A peine les chambres sont-elles parties, les vacances s’ouvrent pour tout le monde, depuis M. le président de la république qui va chercher le repos sous les paisibles ombrages de Fontainebleau, jusqu’aux écoliers qui vont oublier dans leurs familles les controverses sur l’enseignement classique et l’enseignement moderne dont on les entretenait naguère au grand concours. La politique, au moins la politique intérieure, suivant l’invariable usage, sommeille à demi. Ce n’est pas que dans cette trêve périodique et bienfaisante il ne reste encore bien des questions obscures, des incohérences morales, de mauvais fermens, des menaces de crises du travail, des grèves, des conflits obstinés. Les agitations ouvrières, pas plus que les luttes de partis, ne s’arrêtent à volonté pour le plaisir de ceux qui aiment la quiétude ou qui cherchent la distraction et l’oubli dans les voyages ; mais somme toute, pour le moment, la France est au repos plus qu’aux agitations, aux incidens bruyans, aux violences de polémiques et aux grèves. On échaufferait difficilement un public inattentif pour les revendications des terrassiers et des puisatiers ; on aurait de la peine à passionner les esprits pour des querelles de fantaisie.
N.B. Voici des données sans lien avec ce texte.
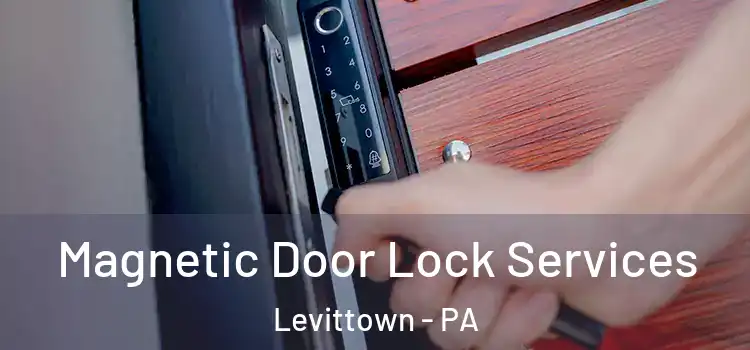 Magnetic Door Lock Services Levittown - PA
Tout ce qu’on pourrait tenter se perdrait dans cette grande et pacifique diversion des vacances qui est toujours attendue, et laisse pour quelques mois le pays à sa tranquillité. La politique intérieure, aujourd’hui, elle n’est nulle part, ou, si l’on veut, elle se réduit à des discussions assez vaines, à des discours que les ministres, dispersés par la saison, sèment sur les chemins, à une distribution de prix, à un banquet, à une inauguration de voie ferrée, à propos de tout et à propos de rien.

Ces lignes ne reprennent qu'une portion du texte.